Scraped caption text data:
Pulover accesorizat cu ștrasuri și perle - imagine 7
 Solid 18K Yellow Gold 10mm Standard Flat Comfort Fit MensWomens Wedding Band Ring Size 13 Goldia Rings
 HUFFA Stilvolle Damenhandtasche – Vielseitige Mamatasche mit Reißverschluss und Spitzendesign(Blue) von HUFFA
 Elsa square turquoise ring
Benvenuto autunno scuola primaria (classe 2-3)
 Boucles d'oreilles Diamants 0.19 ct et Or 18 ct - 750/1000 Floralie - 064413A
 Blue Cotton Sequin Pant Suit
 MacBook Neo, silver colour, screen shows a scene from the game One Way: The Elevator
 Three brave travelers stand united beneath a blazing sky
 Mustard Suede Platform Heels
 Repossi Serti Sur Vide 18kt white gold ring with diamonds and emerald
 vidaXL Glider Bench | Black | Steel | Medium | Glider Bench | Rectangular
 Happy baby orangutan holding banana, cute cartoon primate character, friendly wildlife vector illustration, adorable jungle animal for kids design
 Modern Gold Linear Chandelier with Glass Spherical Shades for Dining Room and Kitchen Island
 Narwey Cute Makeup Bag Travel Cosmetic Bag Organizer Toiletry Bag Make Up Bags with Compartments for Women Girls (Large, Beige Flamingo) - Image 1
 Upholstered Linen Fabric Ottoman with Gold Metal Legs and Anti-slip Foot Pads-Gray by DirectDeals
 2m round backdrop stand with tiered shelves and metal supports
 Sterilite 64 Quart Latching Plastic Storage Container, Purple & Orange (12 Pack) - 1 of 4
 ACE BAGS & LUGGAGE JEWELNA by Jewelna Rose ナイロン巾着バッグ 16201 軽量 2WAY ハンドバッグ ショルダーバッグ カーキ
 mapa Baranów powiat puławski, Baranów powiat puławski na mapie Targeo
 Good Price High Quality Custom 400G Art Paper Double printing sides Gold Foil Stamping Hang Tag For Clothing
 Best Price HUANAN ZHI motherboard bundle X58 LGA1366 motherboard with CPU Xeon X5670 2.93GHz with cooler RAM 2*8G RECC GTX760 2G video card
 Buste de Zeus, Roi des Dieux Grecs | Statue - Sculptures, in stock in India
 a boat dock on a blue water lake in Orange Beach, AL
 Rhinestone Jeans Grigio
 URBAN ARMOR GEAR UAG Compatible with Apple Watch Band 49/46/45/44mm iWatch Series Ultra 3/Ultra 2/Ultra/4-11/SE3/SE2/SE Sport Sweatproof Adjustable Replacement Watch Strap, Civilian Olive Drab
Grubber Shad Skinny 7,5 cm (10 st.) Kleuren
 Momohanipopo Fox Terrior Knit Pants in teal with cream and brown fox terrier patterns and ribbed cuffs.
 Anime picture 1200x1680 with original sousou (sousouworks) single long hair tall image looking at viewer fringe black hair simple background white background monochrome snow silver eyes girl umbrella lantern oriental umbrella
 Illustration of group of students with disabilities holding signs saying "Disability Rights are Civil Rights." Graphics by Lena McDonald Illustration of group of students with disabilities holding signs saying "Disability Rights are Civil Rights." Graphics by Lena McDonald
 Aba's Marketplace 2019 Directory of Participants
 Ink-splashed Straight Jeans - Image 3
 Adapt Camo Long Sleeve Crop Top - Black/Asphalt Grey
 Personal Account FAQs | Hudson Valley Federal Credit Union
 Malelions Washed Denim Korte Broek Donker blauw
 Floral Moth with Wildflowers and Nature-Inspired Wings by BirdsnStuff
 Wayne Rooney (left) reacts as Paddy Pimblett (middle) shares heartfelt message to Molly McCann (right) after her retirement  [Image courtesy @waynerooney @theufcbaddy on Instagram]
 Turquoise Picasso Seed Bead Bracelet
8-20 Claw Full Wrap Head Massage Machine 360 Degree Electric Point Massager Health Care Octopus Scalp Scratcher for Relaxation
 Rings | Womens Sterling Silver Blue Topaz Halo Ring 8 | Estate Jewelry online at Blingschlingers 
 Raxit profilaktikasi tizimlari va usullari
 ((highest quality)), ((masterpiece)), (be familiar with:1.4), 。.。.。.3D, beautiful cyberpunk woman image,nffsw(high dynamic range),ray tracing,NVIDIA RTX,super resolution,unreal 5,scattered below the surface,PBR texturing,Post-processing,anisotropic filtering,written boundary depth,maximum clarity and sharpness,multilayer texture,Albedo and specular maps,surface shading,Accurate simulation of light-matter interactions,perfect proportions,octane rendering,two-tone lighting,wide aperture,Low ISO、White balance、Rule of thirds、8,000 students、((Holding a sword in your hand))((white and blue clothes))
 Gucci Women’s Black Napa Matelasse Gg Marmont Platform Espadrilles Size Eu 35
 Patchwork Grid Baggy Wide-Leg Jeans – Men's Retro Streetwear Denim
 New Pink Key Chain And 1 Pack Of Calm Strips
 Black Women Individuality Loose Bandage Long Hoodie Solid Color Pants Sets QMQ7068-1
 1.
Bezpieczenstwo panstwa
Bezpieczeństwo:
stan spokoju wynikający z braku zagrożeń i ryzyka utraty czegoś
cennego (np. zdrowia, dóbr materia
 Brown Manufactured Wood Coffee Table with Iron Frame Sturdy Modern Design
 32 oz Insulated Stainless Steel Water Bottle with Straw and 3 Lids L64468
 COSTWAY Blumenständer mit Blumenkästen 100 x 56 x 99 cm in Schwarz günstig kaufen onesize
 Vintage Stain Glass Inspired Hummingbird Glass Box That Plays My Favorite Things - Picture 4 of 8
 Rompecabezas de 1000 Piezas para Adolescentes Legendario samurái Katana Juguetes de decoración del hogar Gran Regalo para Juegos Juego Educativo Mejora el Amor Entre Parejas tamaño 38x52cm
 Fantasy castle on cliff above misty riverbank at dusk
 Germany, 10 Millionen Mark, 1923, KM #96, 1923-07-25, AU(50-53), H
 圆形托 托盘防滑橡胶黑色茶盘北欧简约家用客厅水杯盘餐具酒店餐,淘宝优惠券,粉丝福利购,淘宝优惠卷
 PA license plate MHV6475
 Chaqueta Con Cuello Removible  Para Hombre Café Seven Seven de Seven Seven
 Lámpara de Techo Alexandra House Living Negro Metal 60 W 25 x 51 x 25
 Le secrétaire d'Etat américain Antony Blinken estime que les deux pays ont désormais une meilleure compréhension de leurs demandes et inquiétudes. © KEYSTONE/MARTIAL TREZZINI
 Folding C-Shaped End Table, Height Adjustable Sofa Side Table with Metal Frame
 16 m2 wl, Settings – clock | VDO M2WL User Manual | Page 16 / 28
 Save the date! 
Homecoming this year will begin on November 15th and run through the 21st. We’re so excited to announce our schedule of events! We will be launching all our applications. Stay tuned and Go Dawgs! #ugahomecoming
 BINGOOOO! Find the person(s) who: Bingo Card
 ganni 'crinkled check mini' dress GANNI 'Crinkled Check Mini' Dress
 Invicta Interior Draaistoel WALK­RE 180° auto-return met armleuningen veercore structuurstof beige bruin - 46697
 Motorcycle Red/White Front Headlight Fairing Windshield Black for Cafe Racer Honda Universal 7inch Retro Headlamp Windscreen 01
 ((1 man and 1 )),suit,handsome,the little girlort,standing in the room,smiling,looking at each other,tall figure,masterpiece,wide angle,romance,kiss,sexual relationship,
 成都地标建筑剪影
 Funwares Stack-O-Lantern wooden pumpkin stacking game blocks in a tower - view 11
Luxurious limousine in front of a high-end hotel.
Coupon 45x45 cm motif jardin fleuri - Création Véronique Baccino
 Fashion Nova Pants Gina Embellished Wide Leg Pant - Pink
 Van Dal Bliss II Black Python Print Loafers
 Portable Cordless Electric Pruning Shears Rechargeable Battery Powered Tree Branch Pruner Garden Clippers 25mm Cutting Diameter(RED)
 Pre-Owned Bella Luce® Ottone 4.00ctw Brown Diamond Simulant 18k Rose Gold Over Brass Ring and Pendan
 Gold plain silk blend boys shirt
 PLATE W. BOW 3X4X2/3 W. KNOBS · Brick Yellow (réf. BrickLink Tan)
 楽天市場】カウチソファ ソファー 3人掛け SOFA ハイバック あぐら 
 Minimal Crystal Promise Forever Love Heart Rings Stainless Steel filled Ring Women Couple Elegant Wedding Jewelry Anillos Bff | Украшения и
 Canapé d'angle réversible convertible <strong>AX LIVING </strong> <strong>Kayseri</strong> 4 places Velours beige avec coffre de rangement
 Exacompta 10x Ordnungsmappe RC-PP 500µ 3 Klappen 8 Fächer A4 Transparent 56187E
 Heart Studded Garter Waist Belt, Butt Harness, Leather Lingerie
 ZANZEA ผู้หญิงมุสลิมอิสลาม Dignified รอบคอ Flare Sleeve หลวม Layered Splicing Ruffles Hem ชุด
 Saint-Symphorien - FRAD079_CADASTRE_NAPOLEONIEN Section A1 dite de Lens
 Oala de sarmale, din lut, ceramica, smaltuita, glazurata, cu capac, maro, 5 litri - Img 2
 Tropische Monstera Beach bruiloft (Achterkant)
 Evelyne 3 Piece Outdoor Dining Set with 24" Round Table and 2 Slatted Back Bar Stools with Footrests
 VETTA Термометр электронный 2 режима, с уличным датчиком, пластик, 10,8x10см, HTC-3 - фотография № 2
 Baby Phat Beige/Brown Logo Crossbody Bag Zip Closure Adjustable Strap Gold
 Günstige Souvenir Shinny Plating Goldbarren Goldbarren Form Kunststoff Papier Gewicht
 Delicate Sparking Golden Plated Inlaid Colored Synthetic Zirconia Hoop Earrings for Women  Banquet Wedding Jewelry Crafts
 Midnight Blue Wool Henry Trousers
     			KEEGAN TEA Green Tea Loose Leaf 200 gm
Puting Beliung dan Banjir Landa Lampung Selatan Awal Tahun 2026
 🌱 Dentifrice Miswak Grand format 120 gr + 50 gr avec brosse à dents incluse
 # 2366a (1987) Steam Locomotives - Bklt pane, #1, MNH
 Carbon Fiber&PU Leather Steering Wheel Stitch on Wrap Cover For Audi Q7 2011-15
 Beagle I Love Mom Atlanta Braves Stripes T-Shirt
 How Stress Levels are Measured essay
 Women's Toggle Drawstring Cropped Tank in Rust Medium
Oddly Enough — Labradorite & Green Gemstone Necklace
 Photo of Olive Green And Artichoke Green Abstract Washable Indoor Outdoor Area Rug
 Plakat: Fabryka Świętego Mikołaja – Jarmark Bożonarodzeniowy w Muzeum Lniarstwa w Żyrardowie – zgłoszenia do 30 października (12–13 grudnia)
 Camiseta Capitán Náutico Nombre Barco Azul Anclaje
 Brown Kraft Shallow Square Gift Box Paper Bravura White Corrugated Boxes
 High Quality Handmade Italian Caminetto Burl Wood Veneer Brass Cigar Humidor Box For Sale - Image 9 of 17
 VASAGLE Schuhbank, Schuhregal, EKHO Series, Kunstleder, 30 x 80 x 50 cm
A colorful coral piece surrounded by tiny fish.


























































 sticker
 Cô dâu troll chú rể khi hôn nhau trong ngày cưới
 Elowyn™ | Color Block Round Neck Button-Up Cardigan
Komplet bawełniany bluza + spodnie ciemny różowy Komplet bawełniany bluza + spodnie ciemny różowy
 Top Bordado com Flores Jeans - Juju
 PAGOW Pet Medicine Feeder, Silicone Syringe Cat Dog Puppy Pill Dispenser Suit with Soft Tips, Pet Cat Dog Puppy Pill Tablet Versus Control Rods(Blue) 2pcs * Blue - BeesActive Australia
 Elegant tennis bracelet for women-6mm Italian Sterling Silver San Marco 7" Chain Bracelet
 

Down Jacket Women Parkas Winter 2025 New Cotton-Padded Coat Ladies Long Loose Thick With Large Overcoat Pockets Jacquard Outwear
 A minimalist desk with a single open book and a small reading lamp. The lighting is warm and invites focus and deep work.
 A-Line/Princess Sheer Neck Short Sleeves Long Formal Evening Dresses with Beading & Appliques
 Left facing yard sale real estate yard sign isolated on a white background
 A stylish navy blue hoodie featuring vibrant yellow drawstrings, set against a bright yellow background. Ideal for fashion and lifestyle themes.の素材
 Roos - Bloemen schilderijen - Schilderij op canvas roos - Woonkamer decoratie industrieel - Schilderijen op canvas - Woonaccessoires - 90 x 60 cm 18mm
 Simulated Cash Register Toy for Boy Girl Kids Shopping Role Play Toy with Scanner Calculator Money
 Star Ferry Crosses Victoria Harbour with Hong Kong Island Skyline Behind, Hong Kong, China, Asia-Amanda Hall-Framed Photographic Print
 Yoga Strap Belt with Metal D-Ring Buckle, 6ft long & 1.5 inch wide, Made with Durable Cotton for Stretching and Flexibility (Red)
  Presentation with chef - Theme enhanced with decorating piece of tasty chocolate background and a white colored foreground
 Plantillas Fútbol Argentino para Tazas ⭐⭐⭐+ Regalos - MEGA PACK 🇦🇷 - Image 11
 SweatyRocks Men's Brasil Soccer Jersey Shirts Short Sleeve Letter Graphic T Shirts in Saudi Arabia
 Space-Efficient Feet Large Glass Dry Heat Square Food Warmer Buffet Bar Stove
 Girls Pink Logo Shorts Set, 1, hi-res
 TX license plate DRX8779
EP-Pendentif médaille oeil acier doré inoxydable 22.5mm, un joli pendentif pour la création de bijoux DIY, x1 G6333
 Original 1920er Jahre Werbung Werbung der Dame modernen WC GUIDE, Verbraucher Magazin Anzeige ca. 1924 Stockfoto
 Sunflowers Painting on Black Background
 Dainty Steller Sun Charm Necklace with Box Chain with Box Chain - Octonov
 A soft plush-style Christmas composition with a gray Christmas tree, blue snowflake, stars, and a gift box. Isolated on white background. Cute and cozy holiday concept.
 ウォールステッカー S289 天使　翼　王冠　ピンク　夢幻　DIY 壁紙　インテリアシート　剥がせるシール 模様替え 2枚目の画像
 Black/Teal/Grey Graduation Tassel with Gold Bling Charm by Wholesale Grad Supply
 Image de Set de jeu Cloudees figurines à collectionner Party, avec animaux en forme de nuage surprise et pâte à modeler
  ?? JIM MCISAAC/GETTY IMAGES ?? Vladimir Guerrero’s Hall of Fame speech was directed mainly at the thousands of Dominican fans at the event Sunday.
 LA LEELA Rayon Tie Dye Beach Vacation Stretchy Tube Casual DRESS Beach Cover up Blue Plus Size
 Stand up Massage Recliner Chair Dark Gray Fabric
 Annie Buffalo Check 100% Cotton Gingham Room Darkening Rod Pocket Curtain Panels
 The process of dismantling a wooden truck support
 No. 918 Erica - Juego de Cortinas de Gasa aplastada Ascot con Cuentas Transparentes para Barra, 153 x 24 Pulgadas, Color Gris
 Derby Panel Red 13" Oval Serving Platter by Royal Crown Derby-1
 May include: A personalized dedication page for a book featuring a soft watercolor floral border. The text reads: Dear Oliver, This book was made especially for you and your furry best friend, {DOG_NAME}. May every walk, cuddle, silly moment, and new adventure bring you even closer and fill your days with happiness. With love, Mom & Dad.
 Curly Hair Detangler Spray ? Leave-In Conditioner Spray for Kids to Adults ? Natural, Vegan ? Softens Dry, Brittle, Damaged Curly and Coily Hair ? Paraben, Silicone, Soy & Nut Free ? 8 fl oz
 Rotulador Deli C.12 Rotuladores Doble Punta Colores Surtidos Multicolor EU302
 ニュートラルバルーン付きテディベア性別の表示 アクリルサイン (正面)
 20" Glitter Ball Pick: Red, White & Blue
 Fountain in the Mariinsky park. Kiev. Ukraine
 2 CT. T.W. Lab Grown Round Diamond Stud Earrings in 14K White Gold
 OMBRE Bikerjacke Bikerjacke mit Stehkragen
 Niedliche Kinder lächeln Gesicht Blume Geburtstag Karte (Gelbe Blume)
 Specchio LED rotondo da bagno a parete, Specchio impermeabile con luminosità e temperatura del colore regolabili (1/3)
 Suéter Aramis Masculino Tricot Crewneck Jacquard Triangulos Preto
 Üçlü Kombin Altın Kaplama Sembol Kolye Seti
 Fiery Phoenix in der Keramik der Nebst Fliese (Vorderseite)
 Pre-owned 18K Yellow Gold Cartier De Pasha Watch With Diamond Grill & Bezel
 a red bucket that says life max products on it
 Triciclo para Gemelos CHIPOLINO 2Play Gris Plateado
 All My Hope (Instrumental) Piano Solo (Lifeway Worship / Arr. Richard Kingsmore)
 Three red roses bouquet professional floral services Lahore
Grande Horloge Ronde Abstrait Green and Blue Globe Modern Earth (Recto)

## Brief:
Word for word, restate the lines above from the line containing "Elegant tennis bracelet" through the line containing "A stylish navy", with both included and nothing else.

## Task response:
 Elegant tennis bracelet for women-6mm Italian Sterling Silver San Marco 7" Chain Bracelet
 

Down Jacket Women Parkas Winter 2025 New Cotton-Padded Coat Ladies Long Loose Thick With Large Overcoat Pockets Jacquard Outwear
 A minimalist desk with a single open book and a small reading lamp. The lighting is warm and invites focus and deep work.
 A-Line/Princess Sheer Neck Short Sleeves Long Formal Evening Dresses with Beading & Appliques
 Left facing yard sale real estate yard sign isolated on a white background
 A stylish navy blue hoodie featuring vibrant yellow drawstrings, set against a bright yellow background. Ideal for fashion and lifestyle themes.の素材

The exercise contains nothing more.